Emit all the data exactly as provided.

<<<<

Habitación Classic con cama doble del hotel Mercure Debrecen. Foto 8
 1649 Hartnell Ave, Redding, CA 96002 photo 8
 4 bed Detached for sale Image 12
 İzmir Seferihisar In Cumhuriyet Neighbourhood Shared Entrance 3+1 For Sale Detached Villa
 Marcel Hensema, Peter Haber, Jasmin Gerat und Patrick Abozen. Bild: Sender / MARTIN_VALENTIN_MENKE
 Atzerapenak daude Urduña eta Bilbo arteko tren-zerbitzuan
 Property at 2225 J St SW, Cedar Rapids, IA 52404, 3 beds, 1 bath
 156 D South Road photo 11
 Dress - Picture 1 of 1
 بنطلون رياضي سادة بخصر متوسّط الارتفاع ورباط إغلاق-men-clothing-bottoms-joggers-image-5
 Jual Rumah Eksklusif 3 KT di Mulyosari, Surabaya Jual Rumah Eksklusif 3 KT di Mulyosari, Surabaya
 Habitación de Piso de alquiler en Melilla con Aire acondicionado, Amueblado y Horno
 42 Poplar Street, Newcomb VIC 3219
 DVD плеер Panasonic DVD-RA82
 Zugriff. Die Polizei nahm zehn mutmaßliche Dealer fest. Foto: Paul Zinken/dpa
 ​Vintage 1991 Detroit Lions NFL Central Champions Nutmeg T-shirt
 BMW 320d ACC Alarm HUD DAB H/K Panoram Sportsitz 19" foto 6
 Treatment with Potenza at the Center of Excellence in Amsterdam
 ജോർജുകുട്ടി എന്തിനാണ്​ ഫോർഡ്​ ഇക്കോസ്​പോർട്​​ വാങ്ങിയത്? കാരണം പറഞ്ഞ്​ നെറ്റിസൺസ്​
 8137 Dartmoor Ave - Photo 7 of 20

>>>>

* _Result for this exercise_:
Habitación Classic con cama doble del hotel Mercure Debrecen. Foto 8
 1649 Hartnell Ave, Redding, CA 96002 photo 8
 4 bed Detached for sale Image 12
 İzmir Seferihisar In Cumhuriyet Neighbourhood Shared Entrance 3+1 For Sale Detached Villa
 Marcel Hensema, Peter Haber, Jasmin Gerat und Patrick Abozen. Bild: Sender / MARTIN_VALENTIN_MENKE
 Atzerapenak daude Urduña eta Bilbo arteko tren-zerbitzuan
 Property at 2225 J St SW, Cedar Rapids, IA 52404, 3 beds, 1 bath
 156 D South Road photo 11
 Dress - Picture 1 of 1
 بنطلون رياضي سادة بخصر متوسّط الارتفاع ورباط إغلاق-men-clothing-bottoms-joggers-image-5
 Jual Rumah Eksklusif 3 KT di Mulyosari, Surabaya Jual Rumah Eksklusif 3 KT di Mulyosari, Surabaya
 Habitación de Piso de alquiler en Melilla con Aire acondicionado, Amueblado y Horno
 42 Poplar Street, Newcomb VIC 3219
 DVD плеер Panasonic DVD-RA82
 Zugriff. Die Polizei nahm zehn mutmaßliche Dealer fest. Foto: Paul Zinken/dpa
 ​Vintage 1991 Detroit Lions NFL Central Champions Nutmeg T-shirt
 BMW 320d ACC Alarm HUD DAB H/K Panoram Sportsitz 19" foto 6
 Treatment with Potenza at the Center of Excellence in Amsterdam
 ജോർജുകുട്ടി എന്തിനാണ്​ ഫോർഡ്​ ഇക്കോസ്​പോർട്​​ വാങ്ങിയത്? കാരണം പറഞ്ഞ്​ നെറ്റിസൺസ്​
 8137 Dartmoor Ave - Photo 7 of 20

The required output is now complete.